[Record excerpts Boundary: Start]
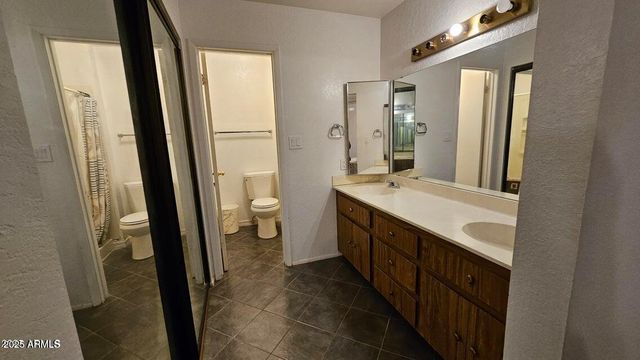 948 N CHERRY Street, Mesa, AZ 85201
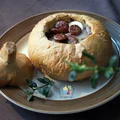 Żurek wielkanocny na zakwasie – tradycyjnie pyszny :)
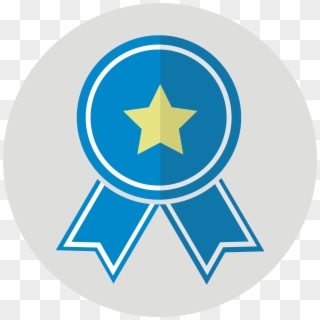 320x320 Achievement Icon Png Images, Free Transparent Image Download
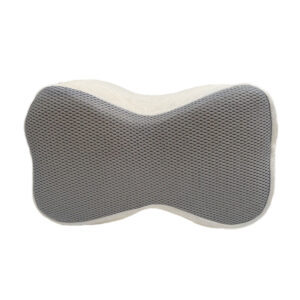 Almohada Memory Cervical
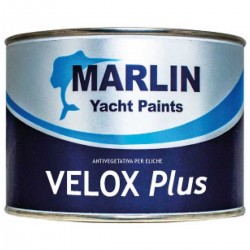 Antivegetativo Velox Plus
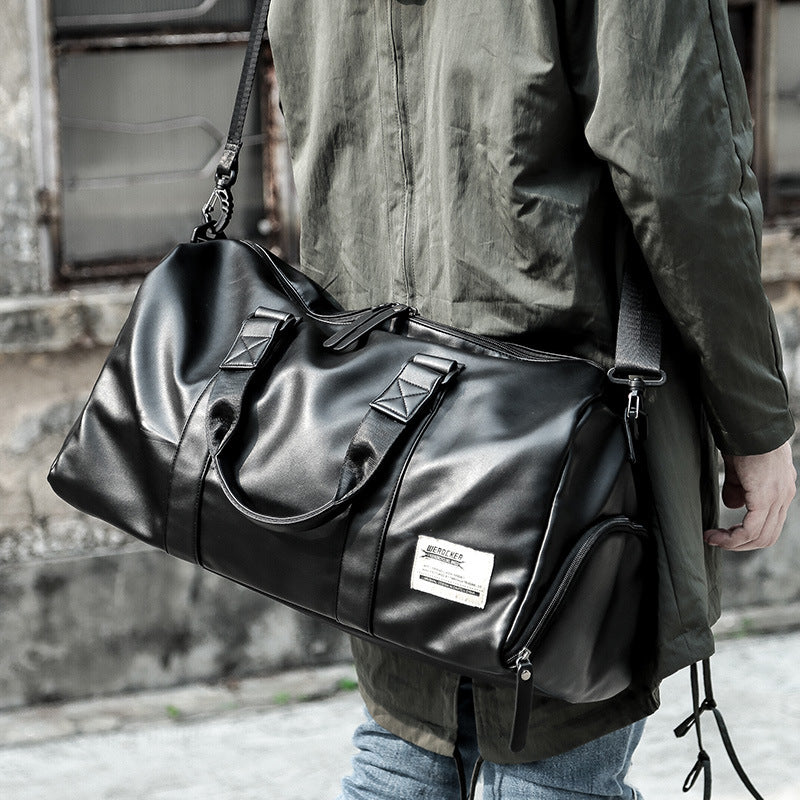 Travel Bag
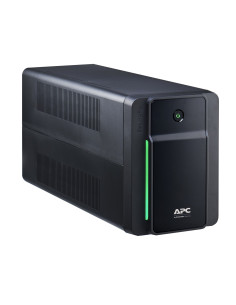 Apc Easy Ups 1200Va 230V Avr/Iec Sockets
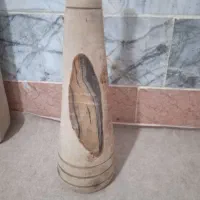 دنبل|کلکسیون و سرگرمی|خرمدره, |دیوار
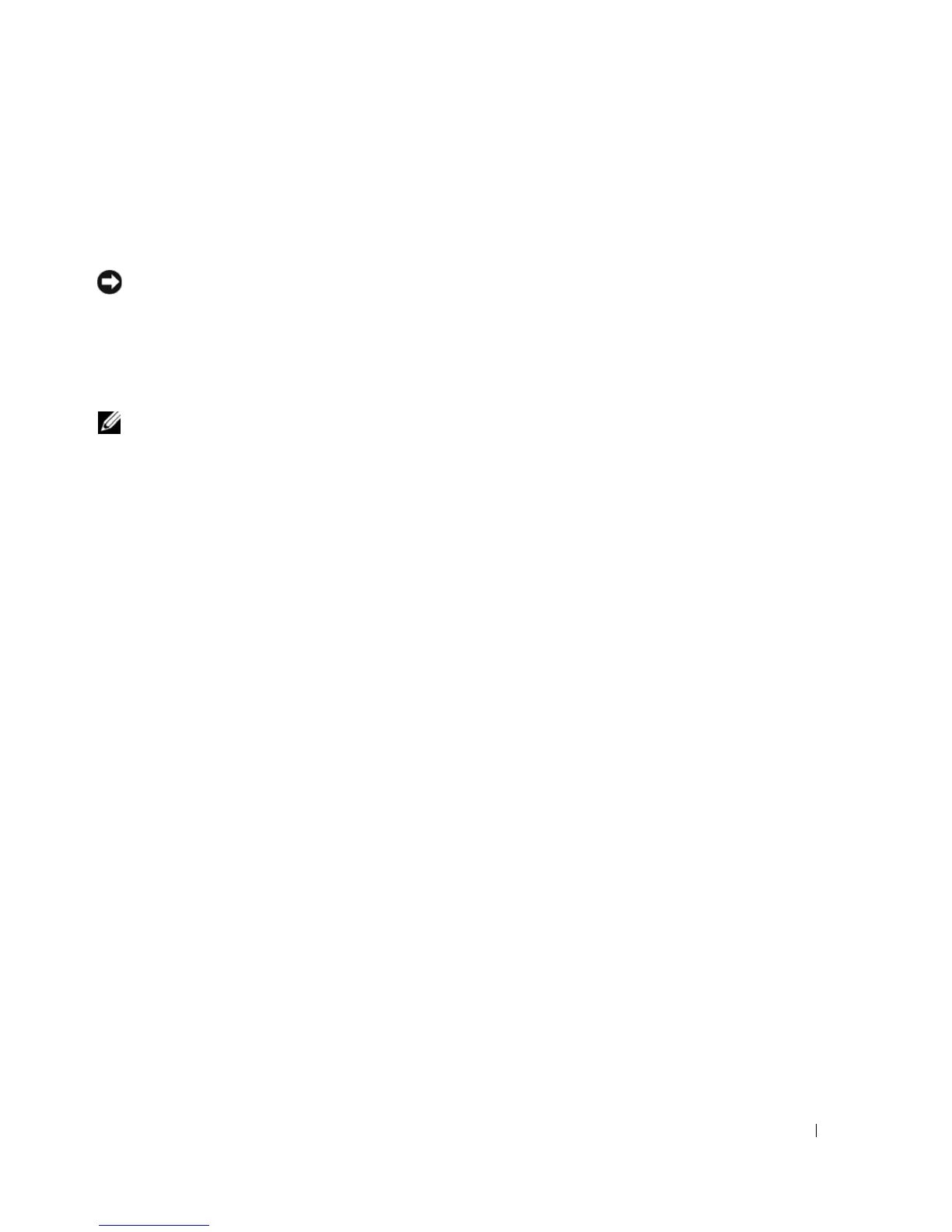 Page #83 background image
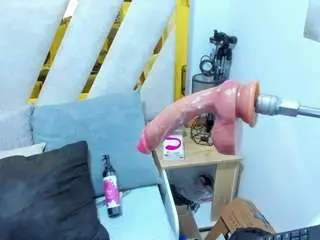 Luna-naughty1  live sex cam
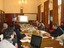 Workshops of the ReProForce experts with business and scientific stakeholders in the IBIR-BAS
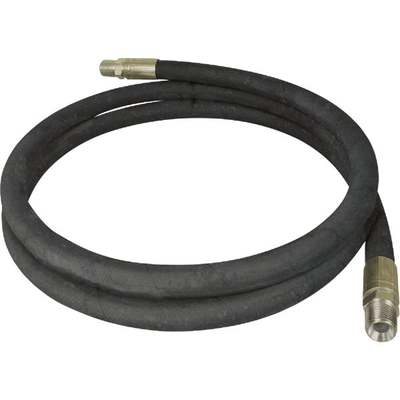 1/2" X 120" HYD HOSE
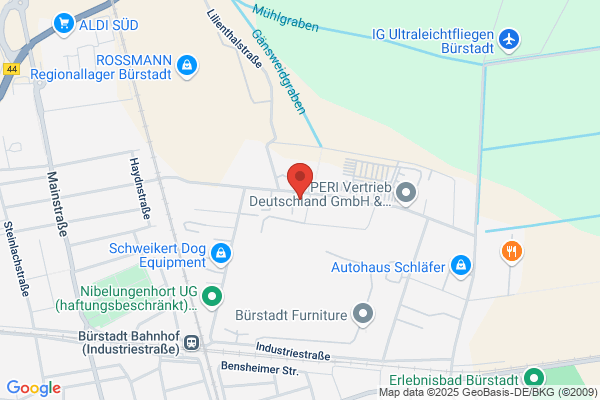 Lackiererei Herzberger OHG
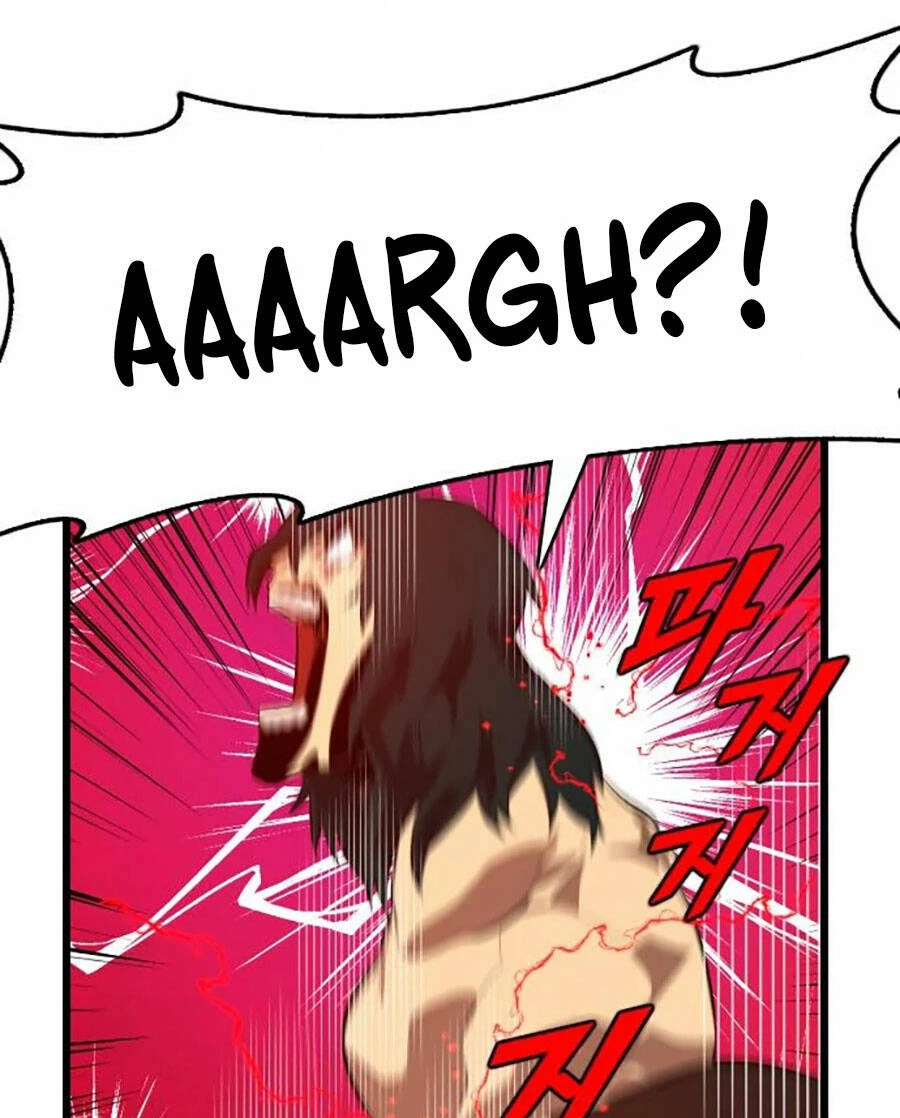 Người Thay Thế Anh Hùng Chapter 17 - 123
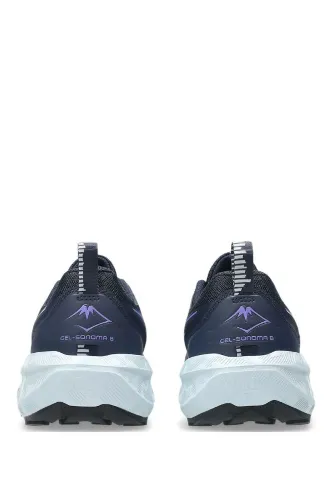 Resim Yenikoza Kadın Sneaker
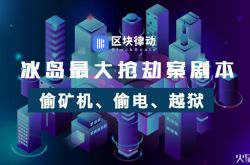 [1分钟教程]重庆咨询单位排名_哔哩哔哩-2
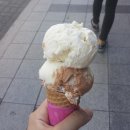 배스킨라빈스 당산역점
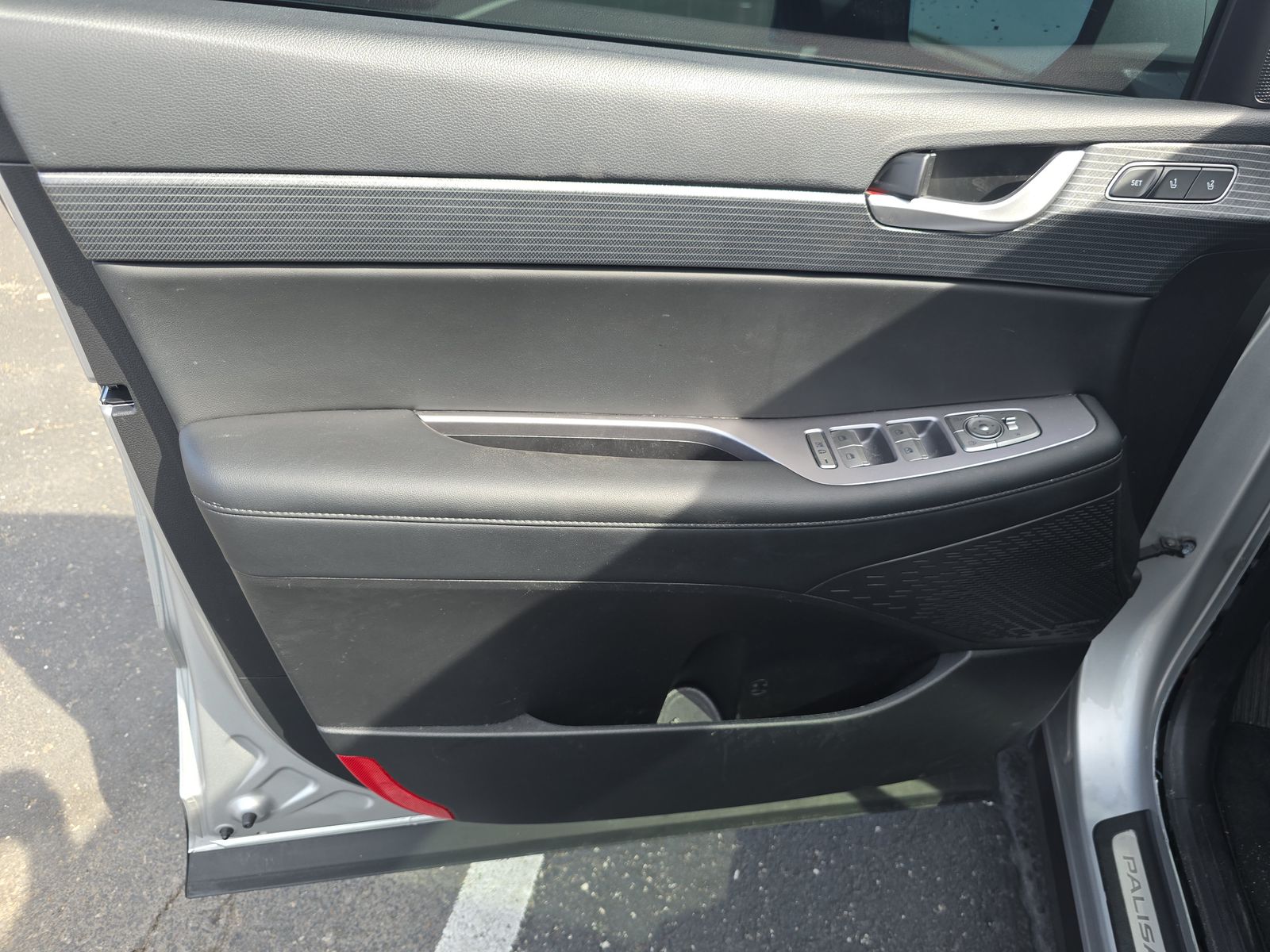 HYUNDAI LIMITED - 10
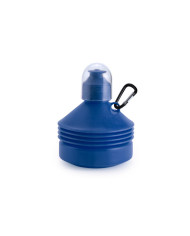 Garrafa Dobrável Luns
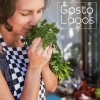 Gosto Lagos cooking classes logo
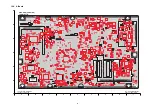 Preview for 99 page of Panasonic TH-50PY850H Service Manual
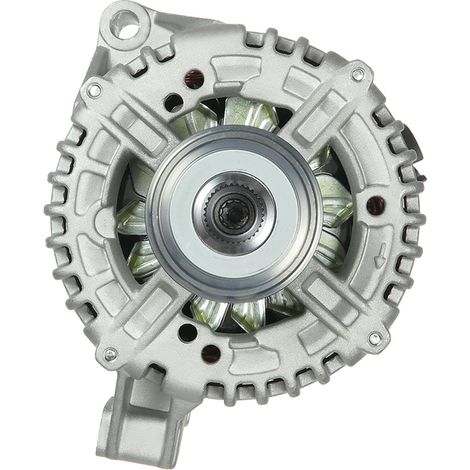 Alternador Mondeo Volvo 2.5 (1/5)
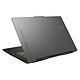 ASUS TUF Gaming F17 TUF707VV-HX236W pas cher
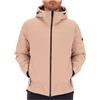 Peuterey Giacca Loge SRTR GRS 02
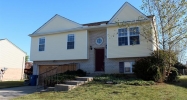 615 Barley Cir Crittenden, KY 41030 - Image 3182830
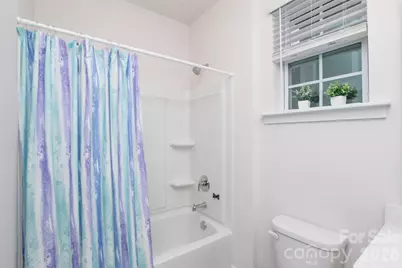 177 Sari Street, Troutman, NC 28166 - Photo 24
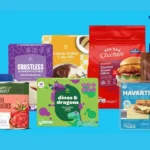 ALDI-Unveils-Extensive-Packaging-Redesign-Across-Products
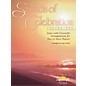 Daybreak Music Sounds of Celebration - Volume 2 (Cello) Cello Arranged by Stan Pethel thumbnail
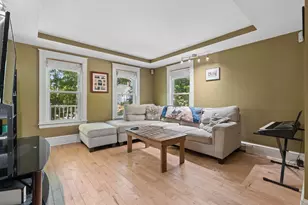 17 High St, Augusta, ME 04330 - Photo 20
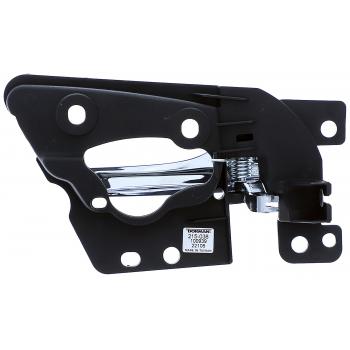 Dorman 15712 Interior Door Handle product image 2 of 4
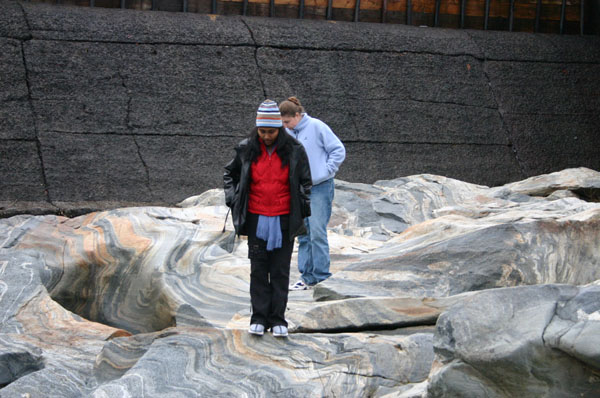 Shelburne_Falls_013a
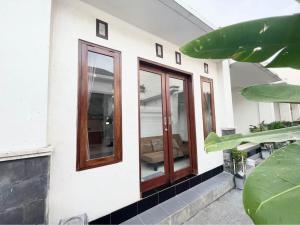 LaGriya Guest House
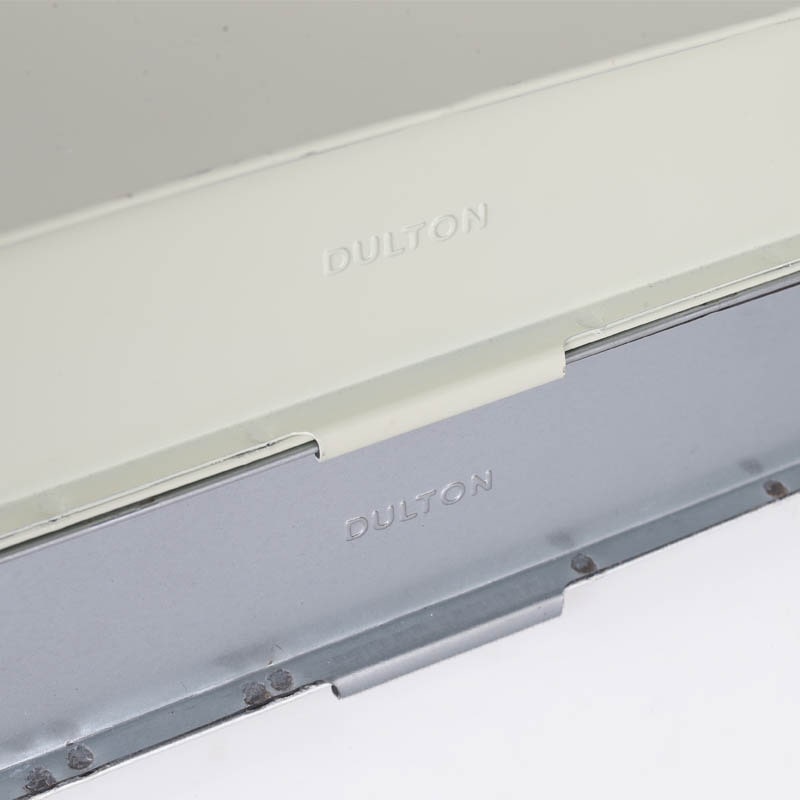 DULTON ONLINE SHOP | STACKABLE DRAWER VERTICAL IVORY(VERTICAL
[Record excerpts Boundary: End]
Your reply should hold only the records, duplicated exactly, without any image.

• [Exercise output]:
 948 N CHERRY Street, Mesa, AZ 85201
 Żurek wielkanocny na zakwasie – tradycyjnie pyszny :)
 320x320 Achievement Icon Png Images, Free Transparent Image Download
 Almohada Memory Cervical
 Antivegetativo Velox Plus
 Travel Bag
 Apc Easy Ups 1200Va 230V Avr/Iec Sockets
 دنبل|کلکسیون و سرگرمی|خرمدره, |دیوار
 Page #83 background image
 Luna-naughty1  live sex cam
 Workshops of the ReProForce experts with business and scientific stakeholders in the IBIR-BAS
 1/2" X 120" HYD HOSE
 Lackiererei Herzberger OHG
 Người Thay Thế Anh Hùng Chapter 17 - 123
 Resim Yenikoza Kadın Sneaker
 [1分钟教程]重庆咨询单位排名_哔哩哔哩-2
 배스킨라빈스 당산역점
 HYUNDAI LIMITED - 10
 Garrafa Dobrável Luns
 Gosto Lagos cooking classes logo
 Preview for 99 page of Panasonic TH-50PY850H Service Manual
 Alternador Mondeo Volvo 2.5 (1/5)
 ASUS TUF Gaming F17 TUF707VV-HX236W pas cher
 Peuterey Giacca Loge SRTR GRS 02
 615 Barley Cir Crittenden, KY 41030 - Image 3182830
 177 Sari Street, Troutman, NC 28166 - Photo 24
 ALDI-Unveils-Extensive-Packaging-Redesign-Across-Products
 Daybreak Music Sounds of Celebration - Volume 2 (Cello) Cello Arranged by Stan Pethel thumbnail
 17 High St, Augusta, ME 04330 - Photo 20
 Dorman 15712 Interior Door Handle product image 2 of 4
 Shelburne_Falls_013a
 LaGriya Guest House
 DULTON ONLINE SHOP | STACKABLE DRAWER VERTICAL IVORY(VERTICAL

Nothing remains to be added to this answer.